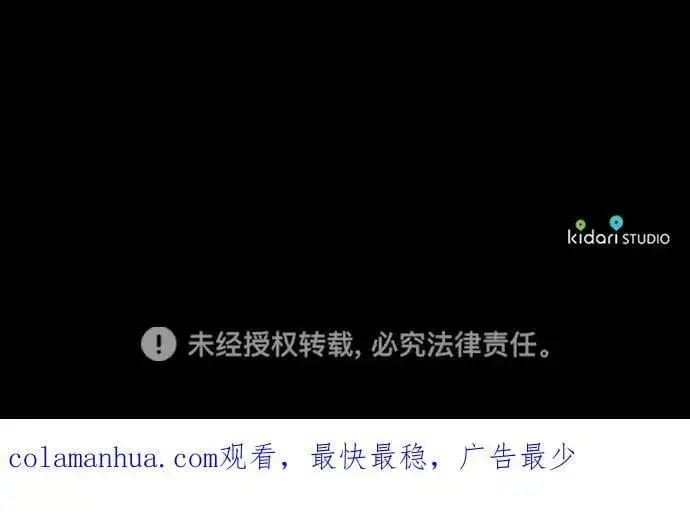 《落日夕阳，冰冷目光》[第136话] 悲剧（1）图54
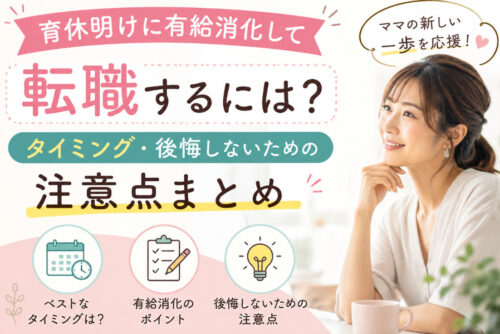 育休明けに有給消化して転職するには?タイミング・後悔しないための注意点まとめ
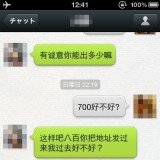 中国語注意】ガチャに課金するとパンツ見せてあげる 〜JKとなりの席の援交換金の誘い〜(夜汐音声社) - FANZA同人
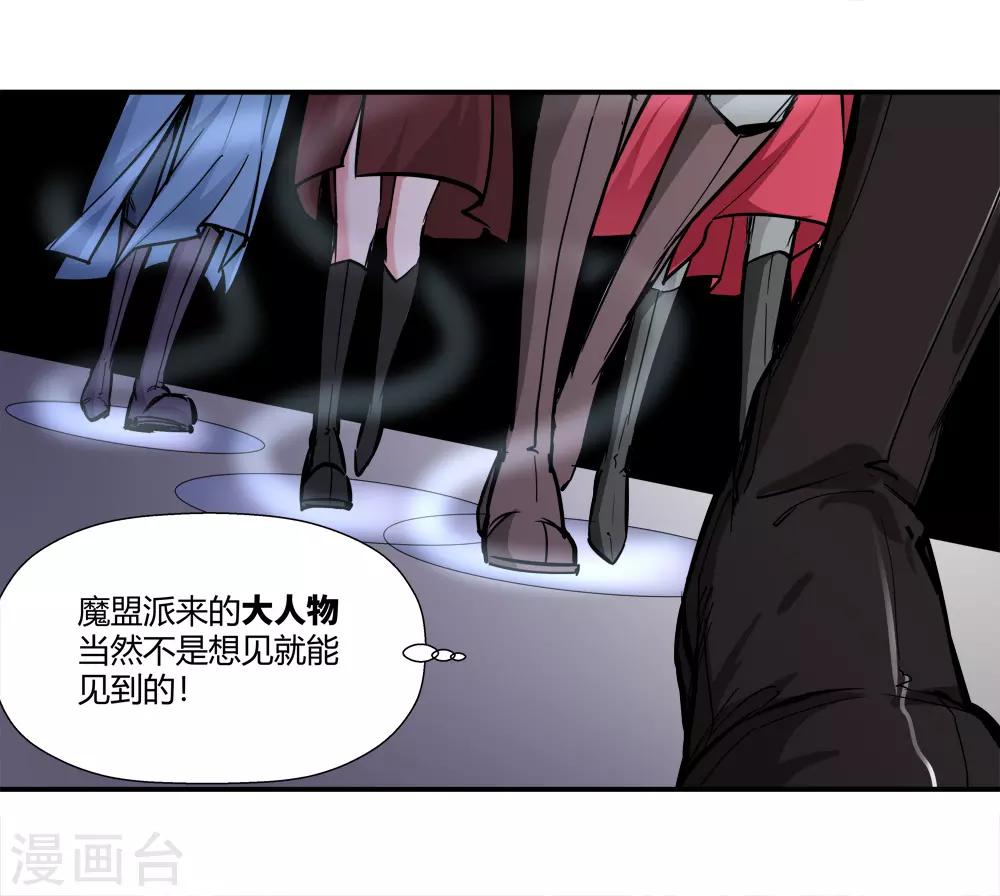 🍚仙道魔侠 第180话 陷阱1 第22页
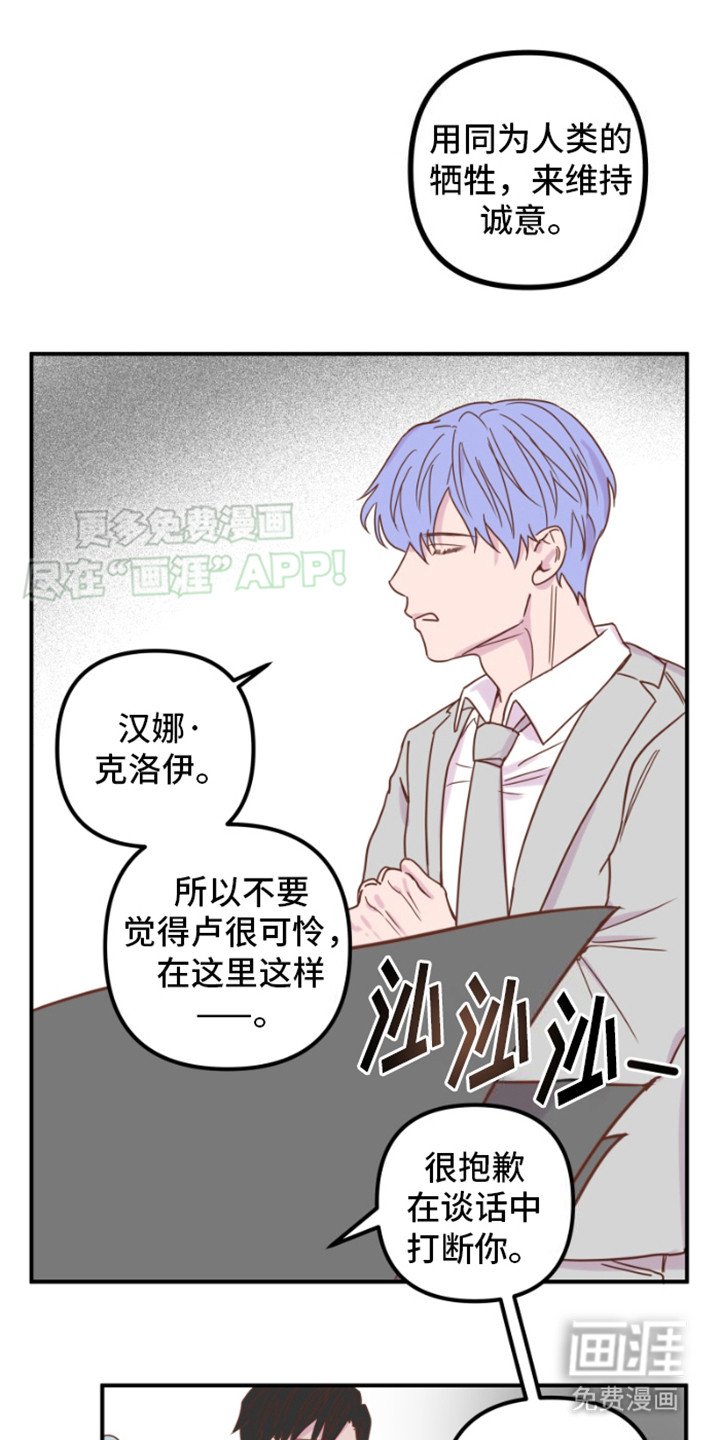 第13章： 多管闲事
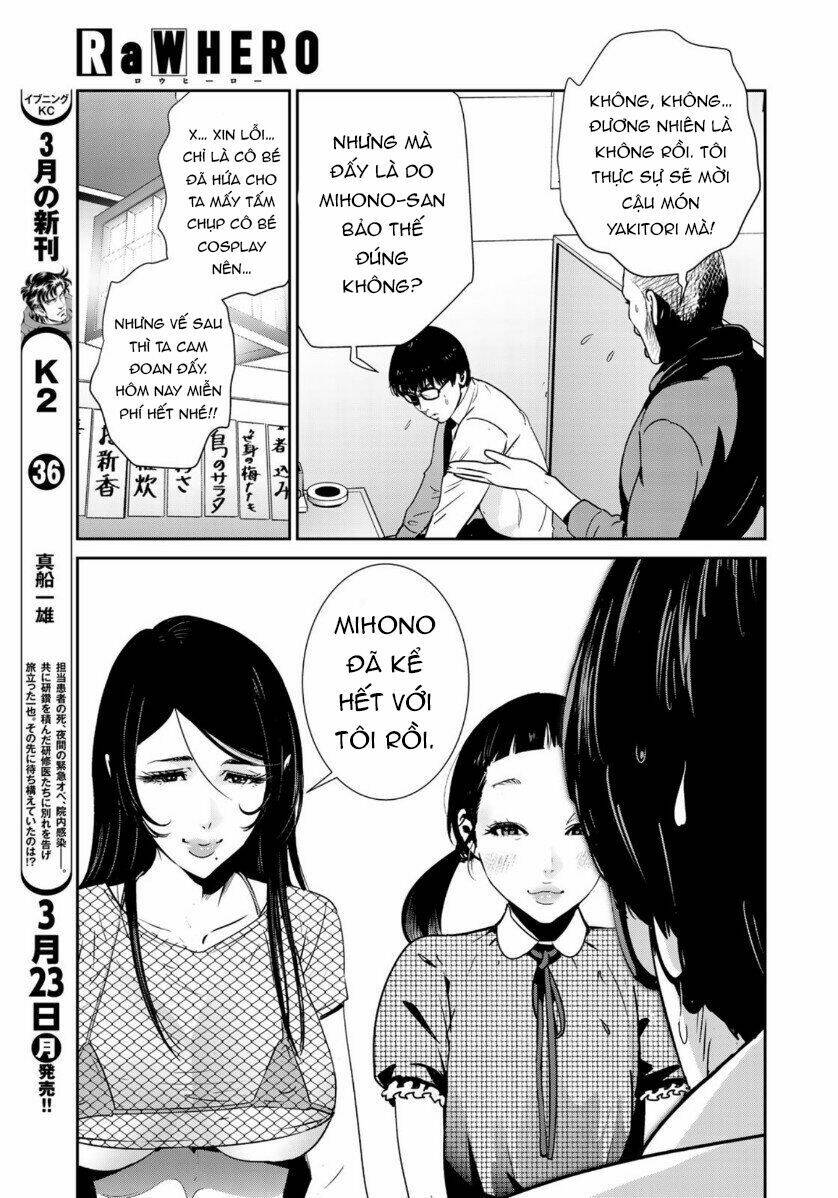 Raw Hero Chapter 33 - Trang 2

> [Action item]:
Set down the material again exactly. Don't carry over any pictures.

> [Exercise result]:
 《落日夕阳，冰冷目光》[第136话] 悲剧（1）图54
 育休明けに有給消化して転職するには?タイミング・後悔しないための注意点まとめ
 中国語注意】ガチャに課金するとパンツ見せてあげる 〜JKとなりの席の援交換金の誘い〜(夜汐音声社) - FANZA同人
 🍚仙道魔侠 第180话 陷阱1 第22页
 第13章： 多管闲事
 Raw Hero Chapter 33 - Trang 2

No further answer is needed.